Work required
Look through the entries below and copy exactly the part that begins with the line containing "Painting Signs" and ends with the line containing "Ein Fest der Freundlichkeit erwartet Sie". Do not copy the pictures.

Data records
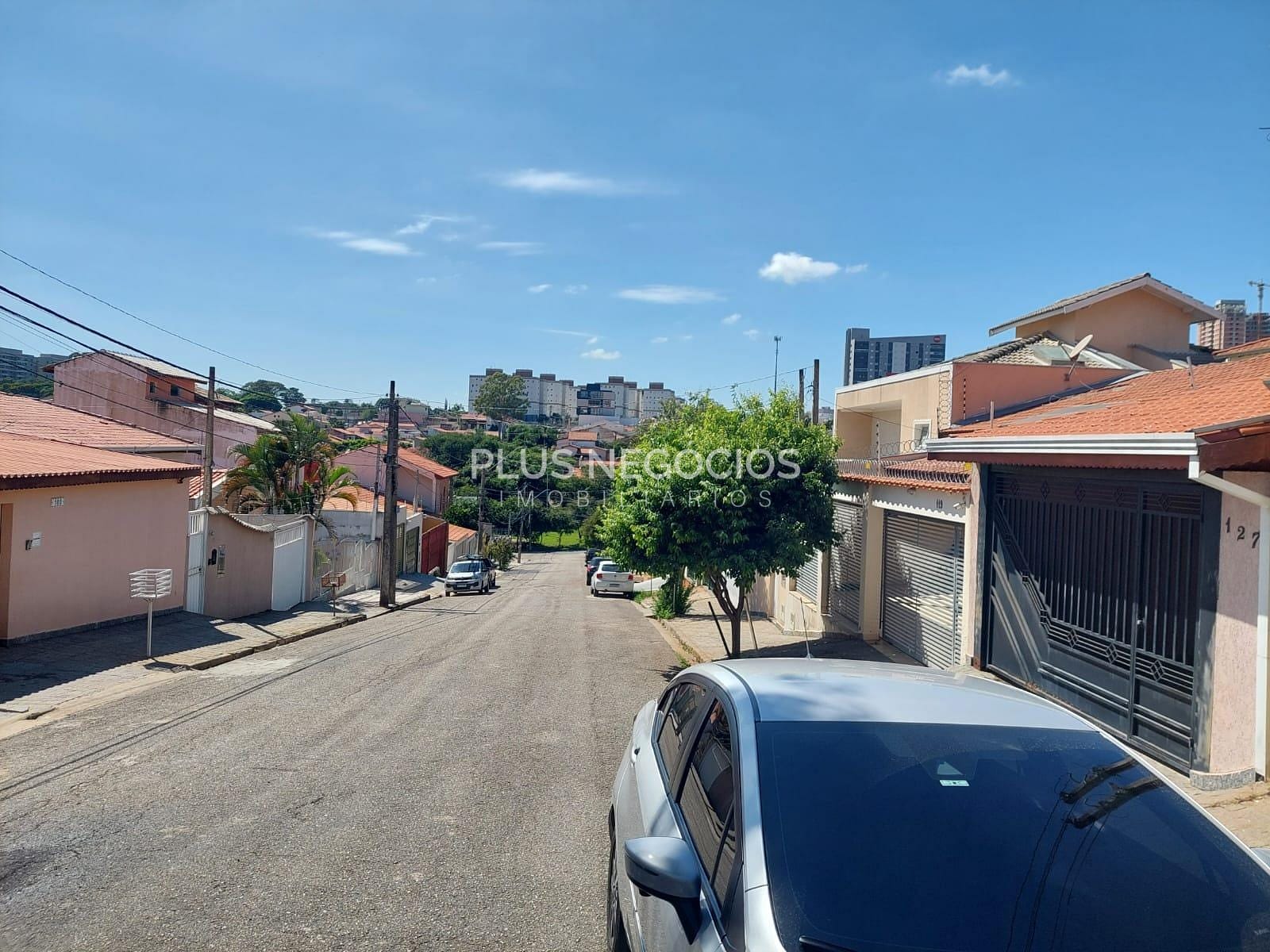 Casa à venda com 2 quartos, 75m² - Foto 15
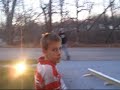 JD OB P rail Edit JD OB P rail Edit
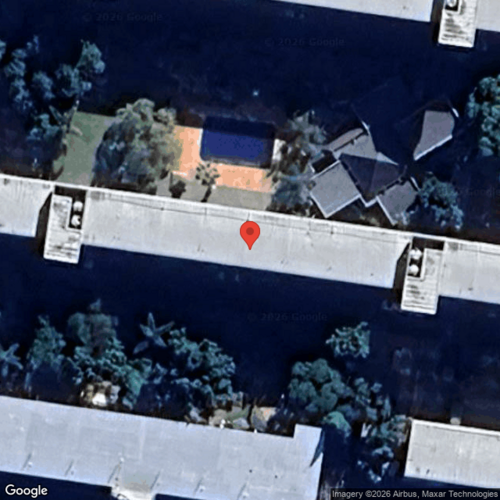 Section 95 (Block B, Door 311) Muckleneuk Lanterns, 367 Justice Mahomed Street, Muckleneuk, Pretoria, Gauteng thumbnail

...

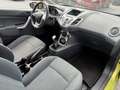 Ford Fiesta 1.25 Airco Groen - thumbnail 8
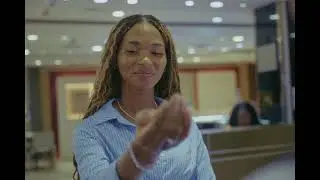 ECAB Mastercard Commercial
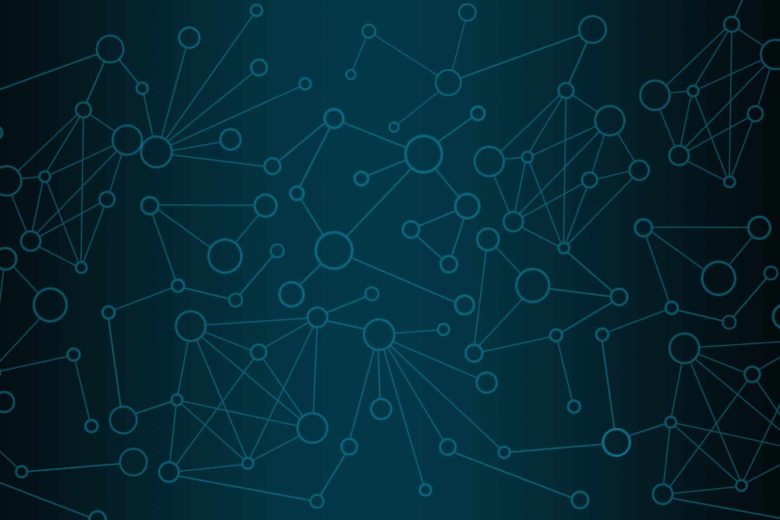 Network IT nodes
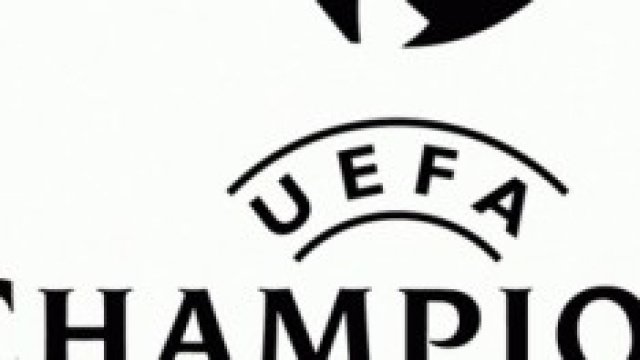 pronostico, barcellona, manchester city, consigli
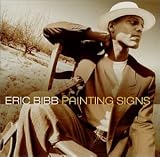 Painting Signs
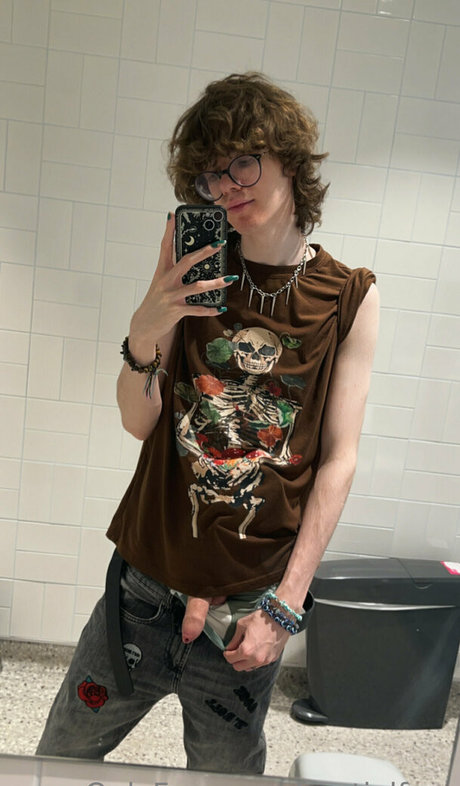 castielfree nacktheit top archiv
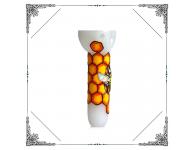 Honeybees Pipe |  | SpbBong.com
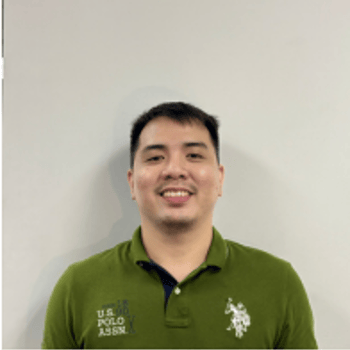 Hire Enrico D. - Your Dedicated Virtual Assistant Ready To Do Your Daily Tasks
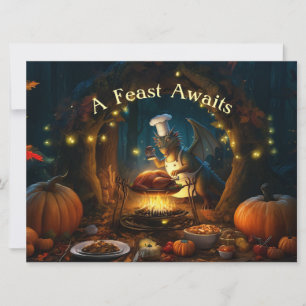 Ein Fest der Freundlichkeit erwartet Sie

Response box
 Painting Signs
 castielfree nacktheit top archiv
 Honeybees Pipe |  | SpbBong.com
 Hire Enrico D. - Your Dedicated Virtual Assistant Ready To Do Your Daily Tasks
 Ein Fest der Freundlichkeit erwartet Sie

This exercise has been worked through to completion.